Terry Butcher, the former England captain, has called for heading to be phased out of football in order to end the dementia crisis that is devastating so many former professionals.
Research has shown that former outfield players are four times more likely to suffer neurodegenerative disease as well as changes in brain function after just a short session of heading practice.
The Football Association has introduced guidance which limits professionals to 10 'high-force' headers a week in training but this is not mandatory and there is also concern at the impact of repetitive lower force headers and serious aerial collisions.
A first trial of a match with limited heading took place at Spennymoor Town last Sunday and Butcher, who was renowned for his aerial prowess and famous for playing on after a serious head injury, now wants change.

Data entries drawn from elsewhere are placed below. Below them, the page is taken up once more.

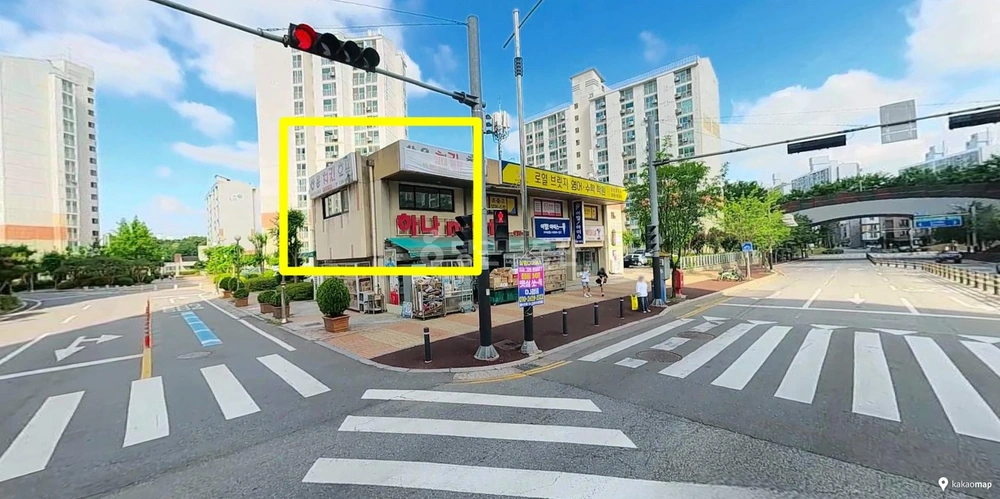 충청남도 천안시 동남구 청당동 상가 사진 1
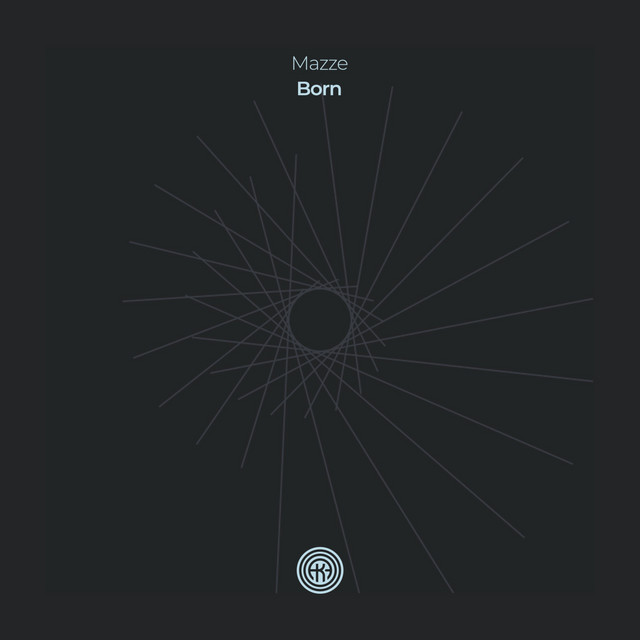 Born album art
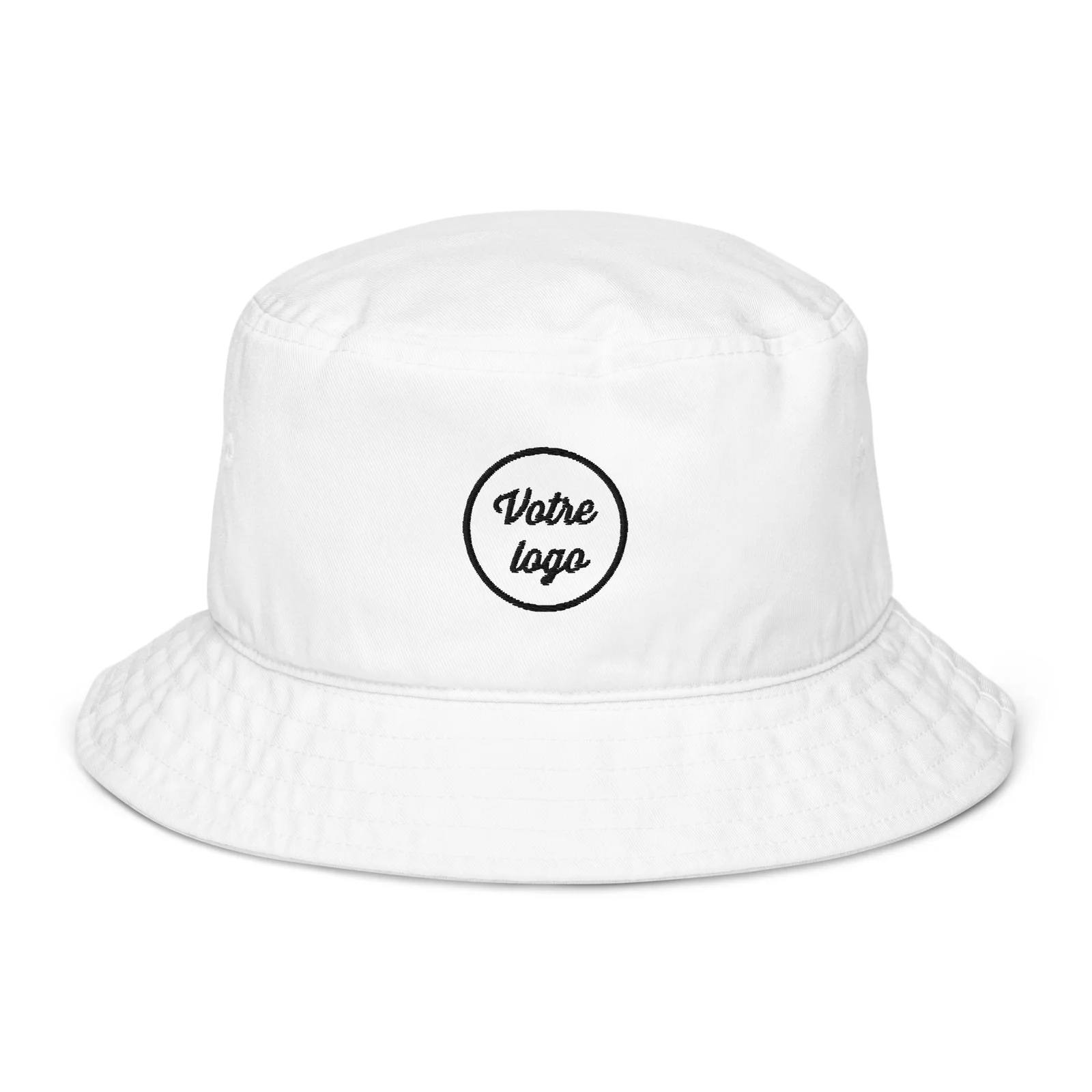 Bob coton écologique personnalisé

"Eventually I want to see football have no heading, phase heading out - I think you've got to do it gradually," he told the BBC's The Sports Desk podcast.
"I think you have to be very careful but I think you have to look at safety, you have to look at families losing their loved ones too early. I'd like to see it phased out...I think it's something that we can do without and then it would rule out the trauma of heading a football.

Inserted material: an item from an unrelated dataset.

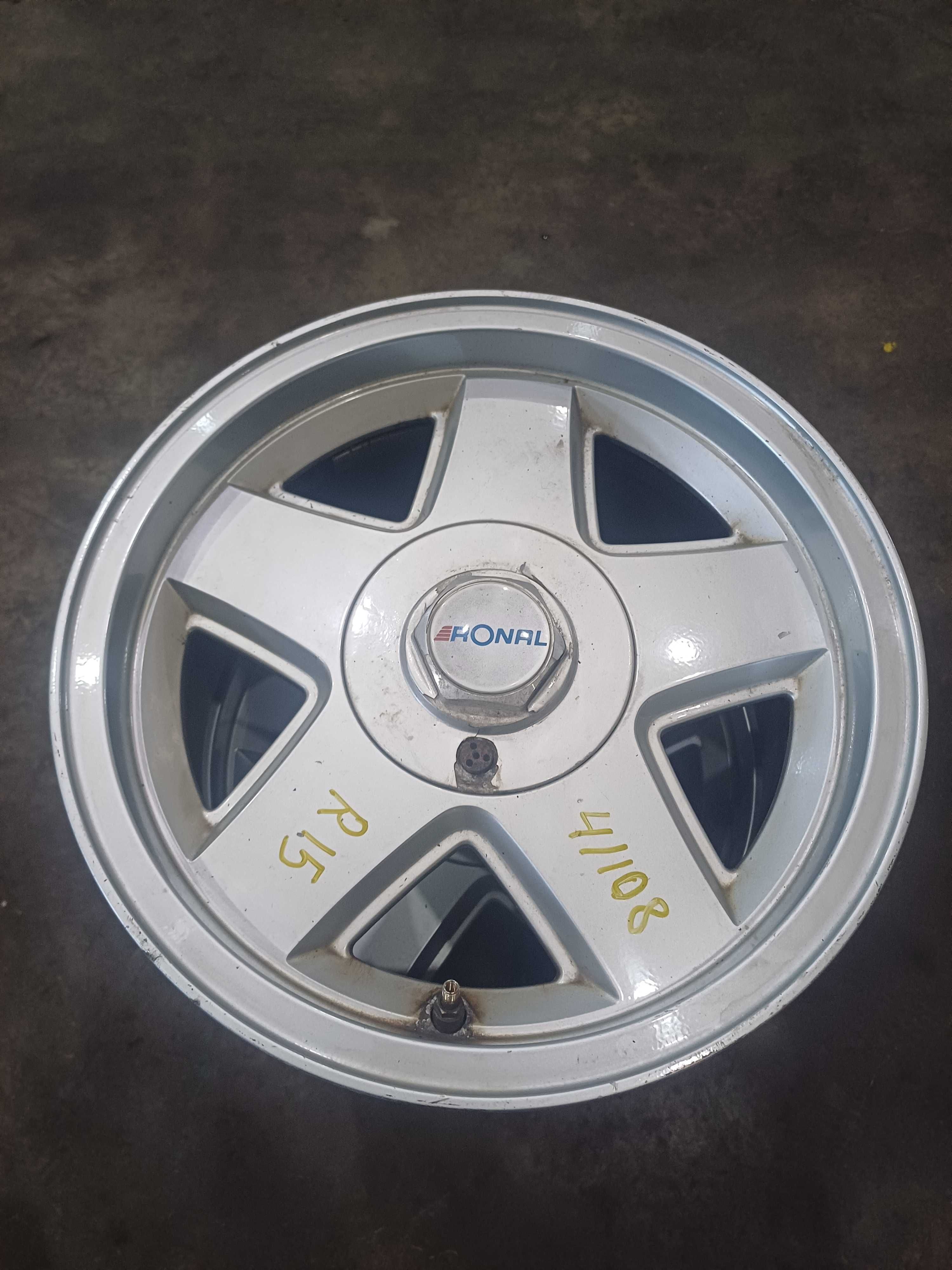 TitanAuto литые диски 4x108 R15, R16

"I would imagine if we're having the same conversation [in] 20 years' time that we are at a stage where football is played on the ground. Yes you have to hit long passes, yes you have to clear the ball high but players will have to bring the ball down quicker and better, their control, their awareness has to be better. They have to adapt."
Butcher suggested injuries sustained in tackles such as "broken legs, cruciate [ligament damage] - you recover from them and you recover very well generally. But you don't recover and you'll never recover from a real huge and heavy brain trauma, huge and heavy brain impact. It's a sobering thought and it's a horrible thought".
Of his own risk, Butcher added: "Well it won't be worrying for me because I won't particularly know, I would have thought, if it does happen…so it's worrying for the family. We've seen pictures of a lot of the footballers of past generations where they've got dementia and Alzheimer's and it breaks your heart."
The FA has called for more research into the issue and pointed to their new heading guidance. "We have made changes to the way the game is played in England," said a spokesperson.
"This includes issuing heading guidance across every level of the English football pyramid. We are also supporting the trial of concussion substitutes.
"Collaboration across football's governing bodies is key in order to better understand this important issue collectively, and we firmly believe that all areas of football should come together for this meaningful cause."